STORYTELLER: Can white people tell our stories better than we can?

WHAT DO the movie The Help (nominated for four Oscars this year), Porgy and Bess (the classic musical) and the bad bwoy series The Wire all have in common? Well, they all tell stories about black people. And they're all written by white people.

No big deal. But it begs the question, can white people tell our stories better than we can? The success of all three would suggest that we have to hold up our hands and accept that anybody can tell our stories as well as we can. At least as far as movie, stage and TV buffs and Hollywood glitterati who hand out the Academy Awards are concerned.

However telling a good story is not the same as feeling it.

To my knowledge, the only white guy who has ever really felt and understood what it really means to be a black man in a white man's world is William Shakespeare.

The historians will tell us that he probably never met a black man in his life. Don't believe the hype.

You only have to read Othello to see how the Bard penetrates the christian soul of a black man only to find that no matter how long you live in Europe and become European, that hardcore no-messing-about African is always lurking in the shadows waiting for the slightest provocation to pop out.


Now tell me that Shakespeare didn't cotch with one or two heartical bredrin back in the sixteenth and seventeenth centuries when ‘Spot The Black Man' was a popular street game of children in London.
And I'll tell you in my best Elvis Presley voice, “Now and then there's a fool such as you."

Elvis of course is another white dude who did a good job of telling the black man's story. But I'm not sure he really felt it. I'm not convinced that he got a glimpse of the ‘old African'.

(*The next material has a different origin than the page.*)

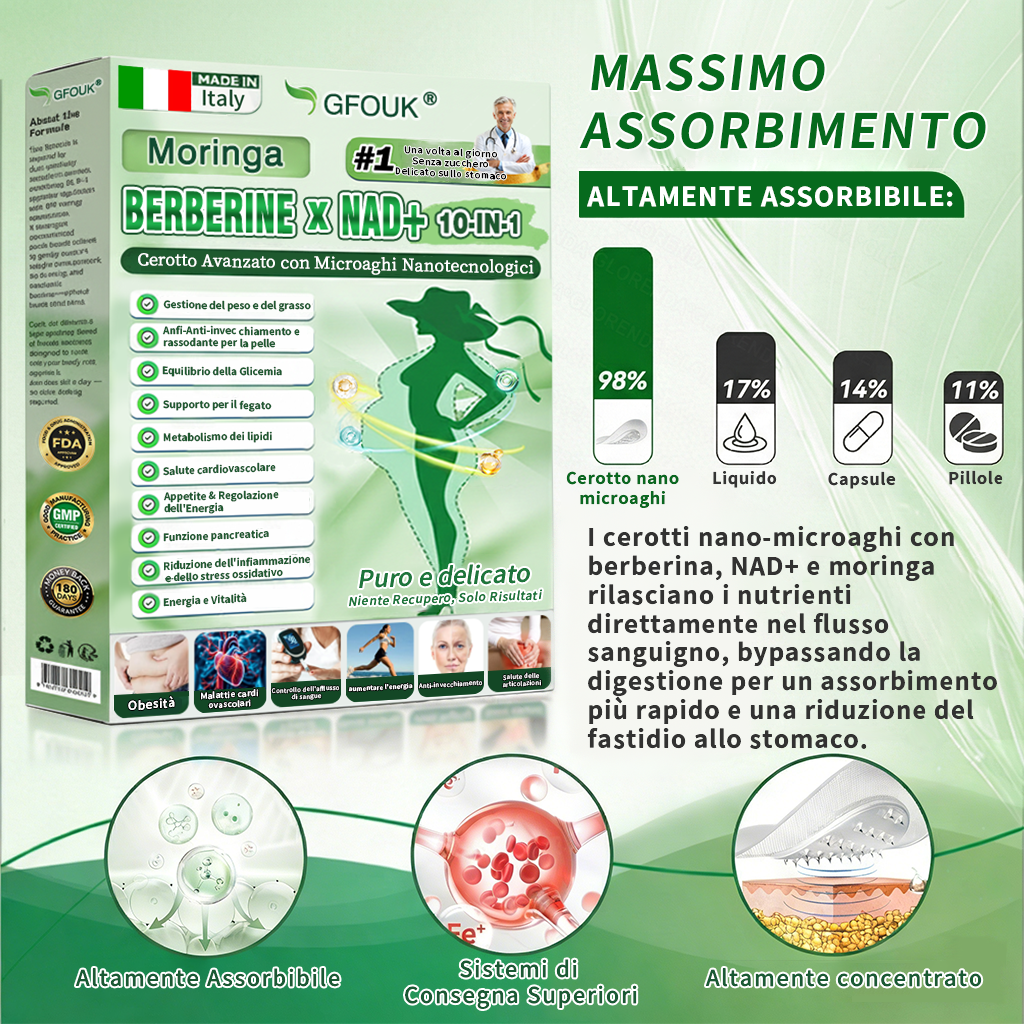 👩‍⚕️ Store Ufficiale |  🍋‍🟩GFOUK® Moringa · Berberina × NAD+ Cerotto avanzato 10-in-1 con microneedle nano  🕒 Solo una volta al giorno ✨ Cambiamenti visibili già in 7 giorni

Here in Britain, the writer of the hit TV series Top Boy was berated by the self-appointed policemen and women of black political correctness for not being  a bruvver.

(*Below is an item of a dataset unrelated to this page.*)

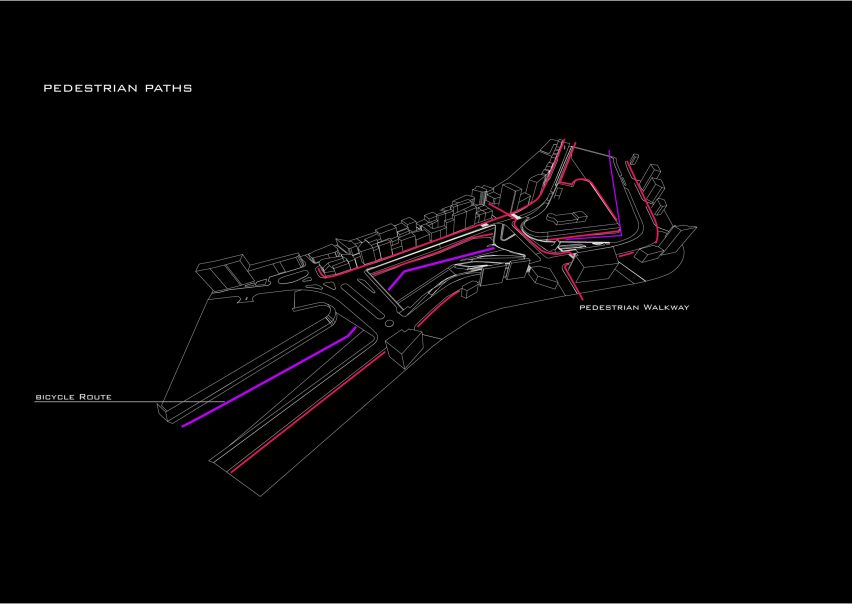 Pedestrian paths diagram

These P.C. coppers fear that in not feeling it, white writers tend to sensationalise black crime.

But does that make them any less legitimate chroniclers of the black experience than a black writer?

More to the point, if they're not really feeling us, are we really really them?

Is a black writer as legitimate a chronicler of the white experience?

Or do we have to condemn all black writers to sticking to only that which they feel?